(Caption-style text data)
>>>

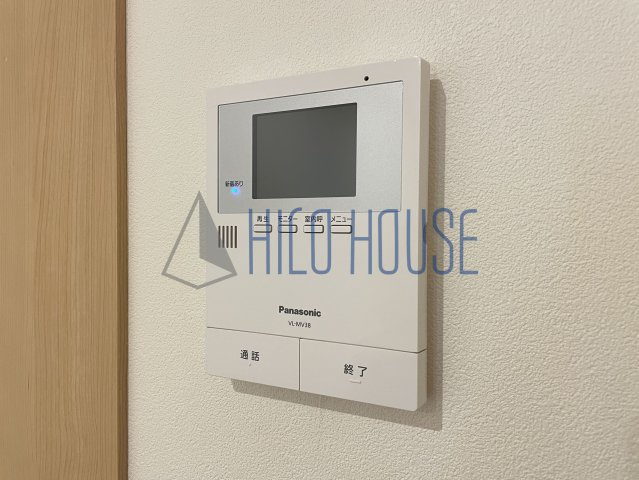 ハートフルメゾンSのセキュリティ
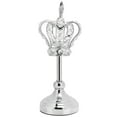thumbnail image 2 of Candle Holder,Crown Shape Tea Light Home Ornament Candlestick Enhanced Durability, 2 of 8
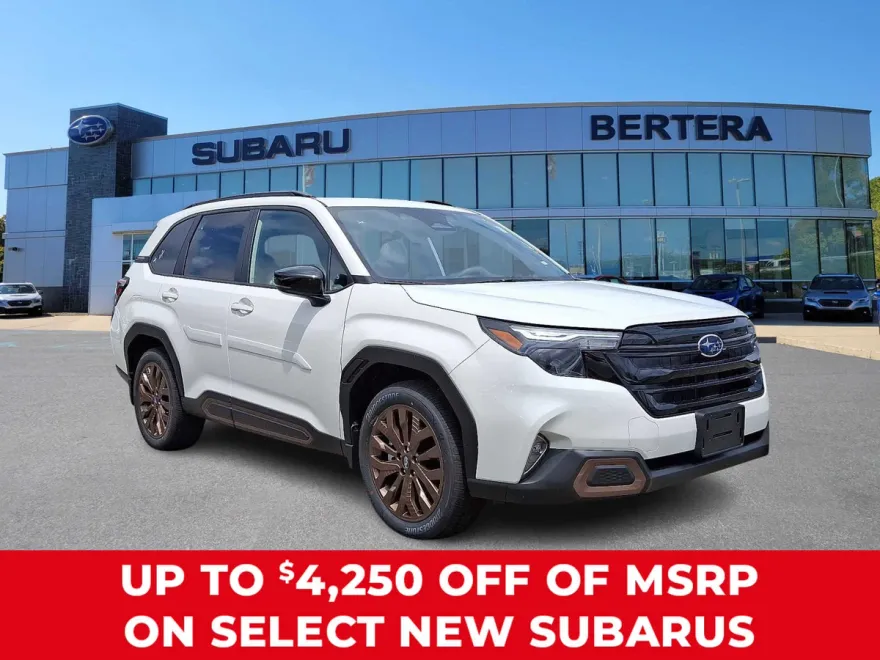 2025 Subaru Forester Sport photo 1
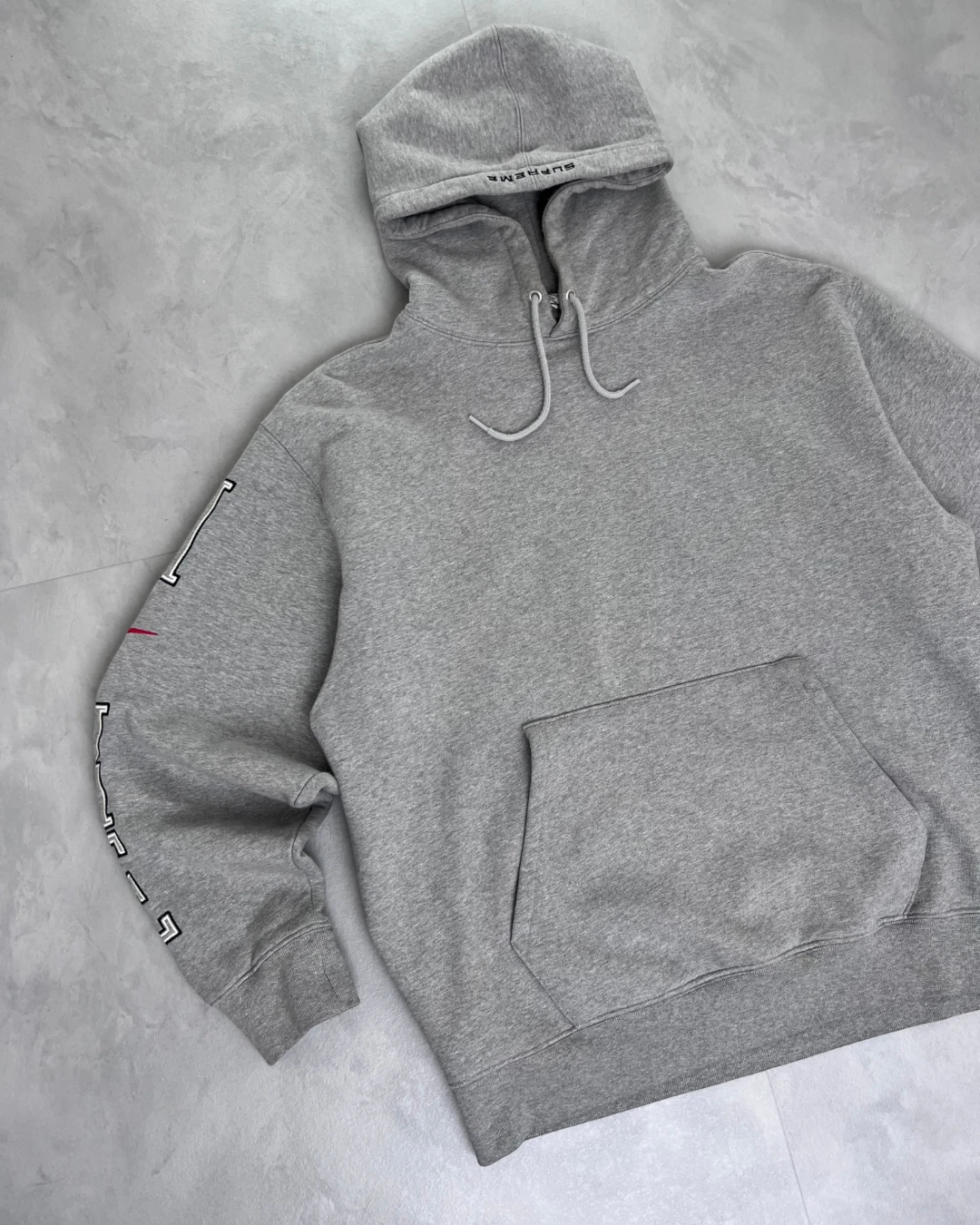 Supreme X Nike Hoodie grey – M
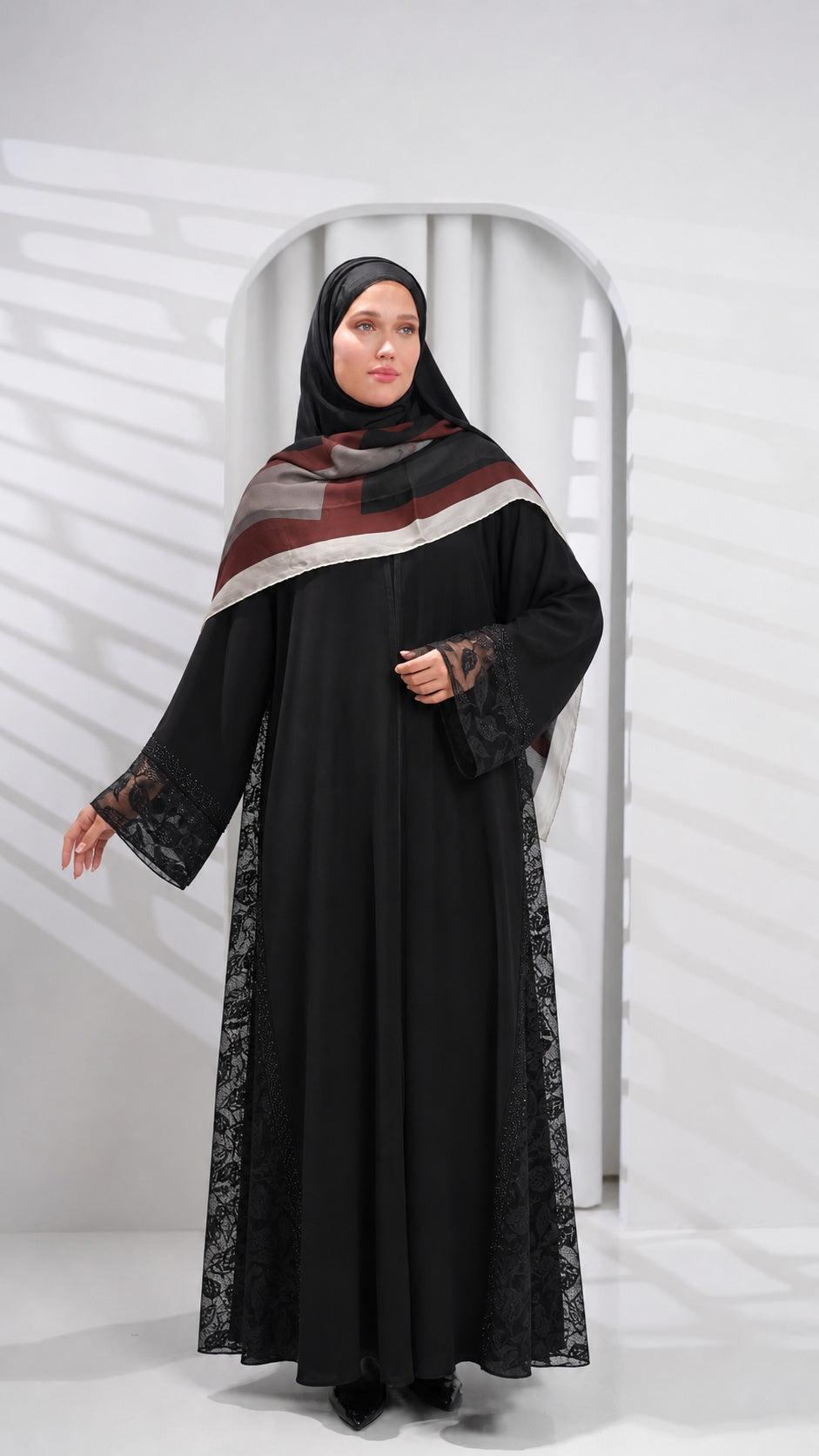 Khaliji abaya 1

<<<

> Assigned task:
Could you repeat all of the entries exactly, without the pictures?

> Task response:
 ハートフルメゾンSのセキュリティ
thumbnail image 2 of Candle Holder,Crown Shape Tea Light Home Ornament Candlestick Enhanced Durability, 2 of 8
 2025 Subaru Forester Sport photo 1
 Supreme X Nike Hoodie grey – M
 Khaliji abaya 1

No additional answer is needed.